(Scraped caption text data)
-- Opening Marker --

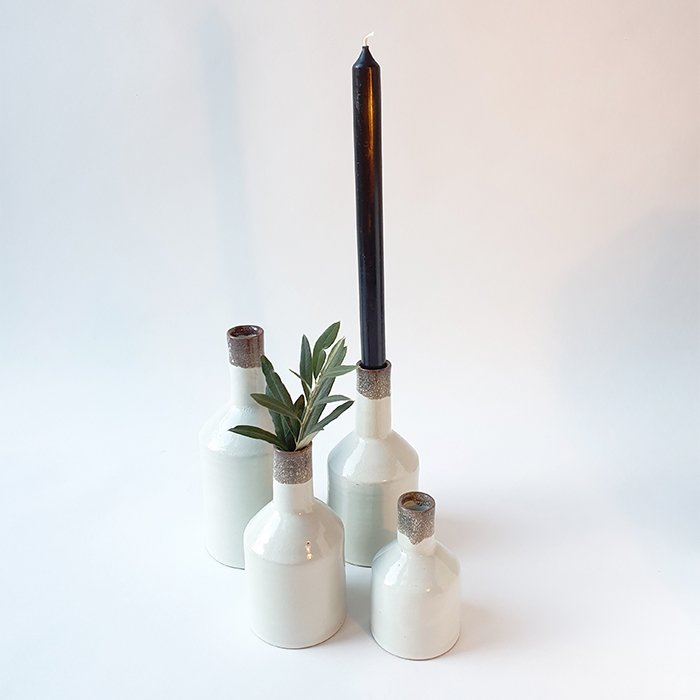 ANNA NERA Fairtrade Vaas - Kaarsenstandaard - Vase à col roulé / Bougeoir XL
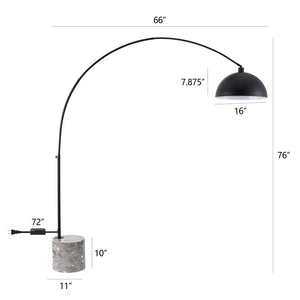 Safavieh Rosabellina 80 Inch Marble Base Floor Lamp with Gold Iron Frame for Modern Living Black / Grey CTL1105B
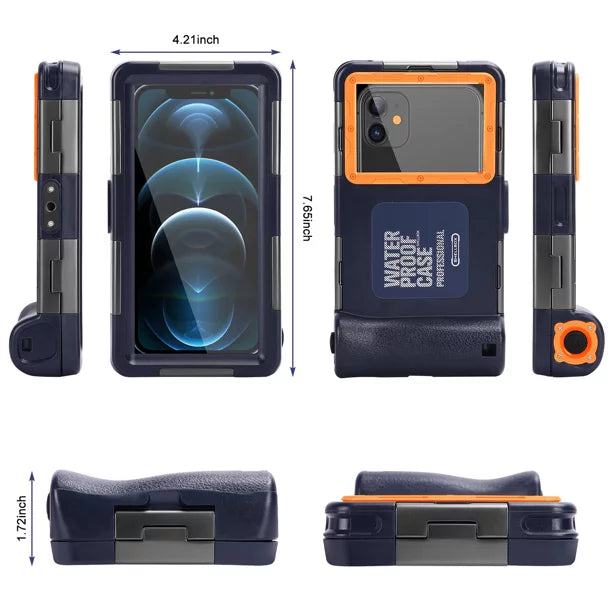 UrbanX Professional [15m/50ft] Swimming Diving Surfing Snorkeling Photo Video Waterproof Protective Case Underwater Housing for Orange Neva jet 5G And all Phones Up to 6.9 Inch LCD with Lanyard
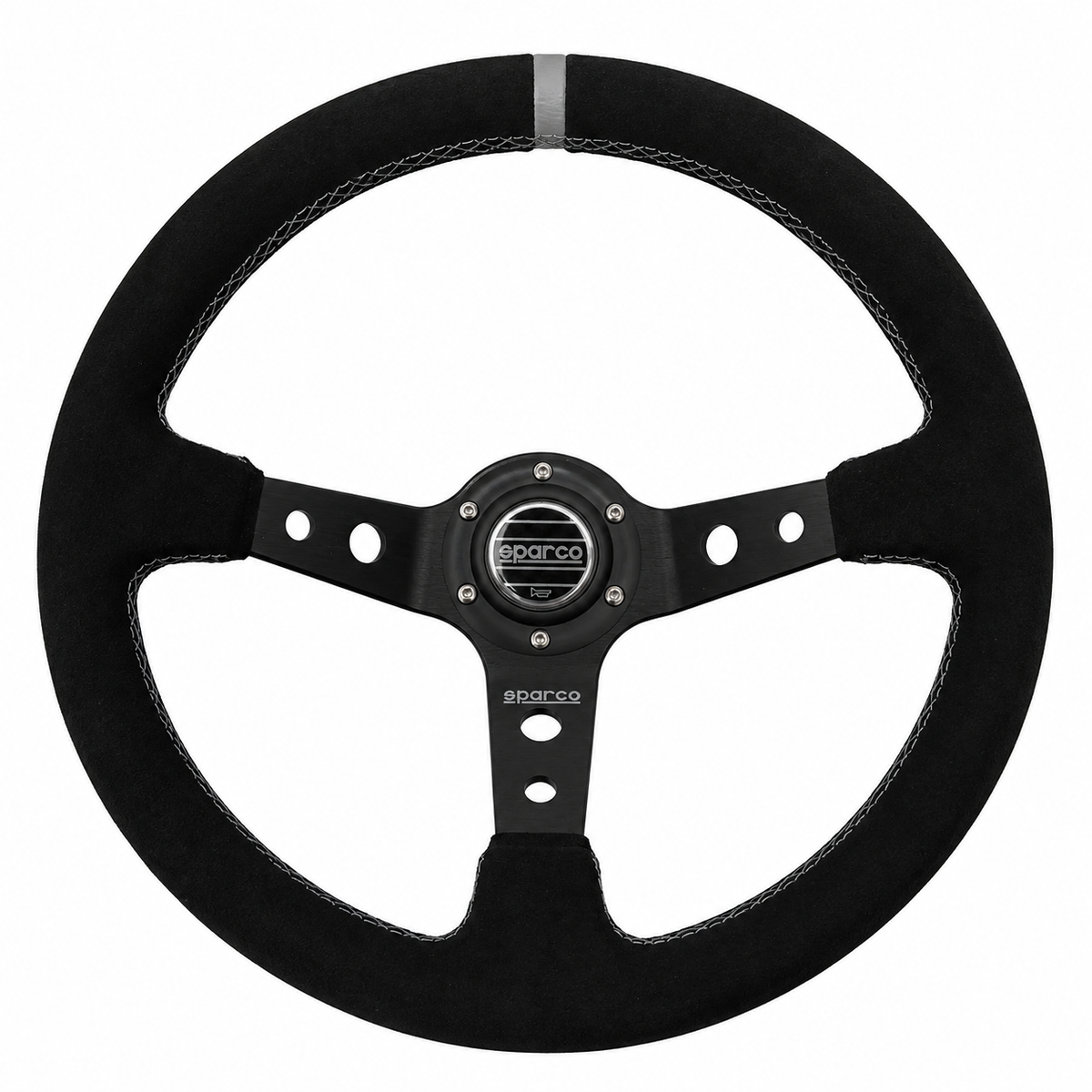 VOLANTE DEPORTIVO 14" CENTRO DESPLAZADO GAMUZA SPARCO - NEGRO Y GRIS
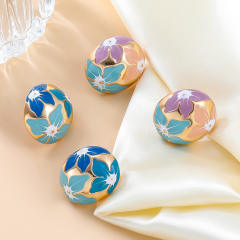 Sweet enamel flower oval shape metal studs earrings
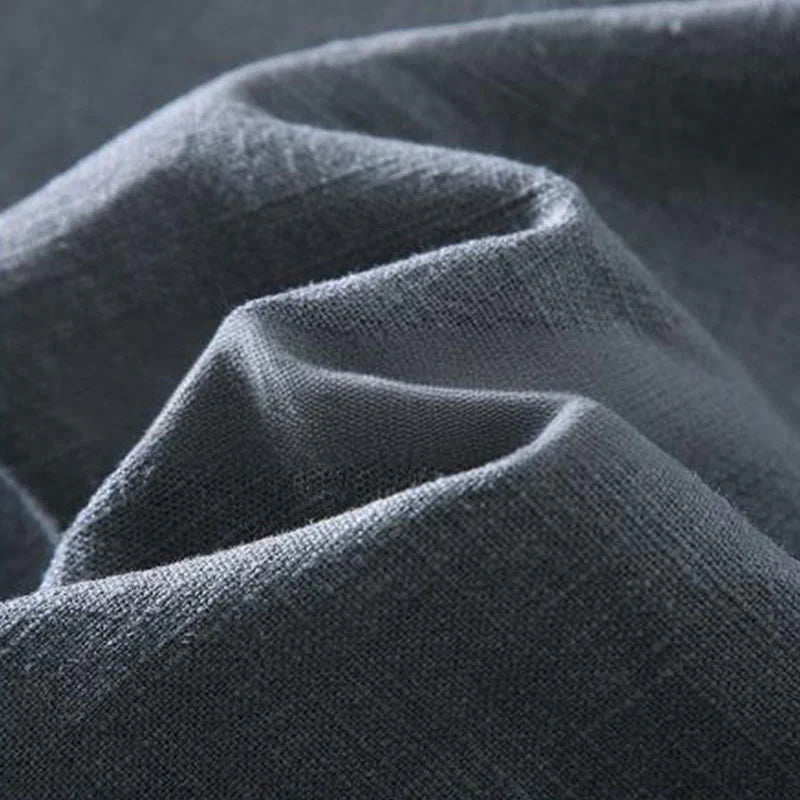 Buddha Stones Commute Plain Long Sleeve Button Lapel  Design Men's Ramie Linen Jacket With Pockets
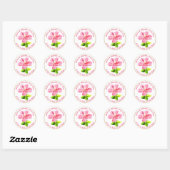 PixDezines Roze Hibiscus/Aloha/Mahalo/Dank u Ronde Sticker (Vel)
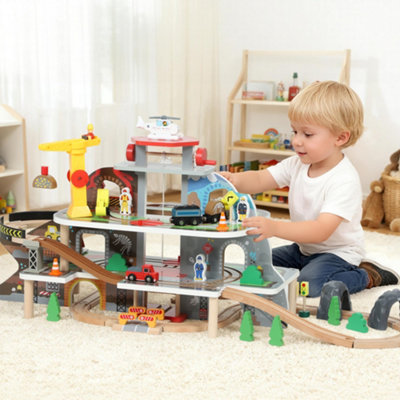 Tommy Toys AIYAPLAY 79 Piece Mine Themed Wooden Toy Train Set - Image 3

-- Closing Marker --

What needs to be done -
Print the data above exactly, from its first line to the line bearing "Sweet enamel flower" inclusive, and keep pictures out of the result.

Task output -
 ANNA NERA Fairtrade Vaas - Kaarsenstandaard - Vase à col roulé / Bougeoir XL
 Safavieh Rosabellina 80 Inch Marble Base Floor Lamp with Gold Iron Frame for Modern Living Black / Grey CTL1105B
 UrbanX Professional [15m/50ft] Swimming Diving Surfing Snorkeling Photo Video Waterproof Protective Case Underwater Housing for Orange Neva jet 5G And all Phones Up to 6.9 Inch LCD with Lanyard
 VOLANTE DEPORTIVO 14" CENTRO DESPLAZADO GAMUZA SPARCO - NEGRO Y GRIS
 Sweet enamel flower oval shape metal studs earrings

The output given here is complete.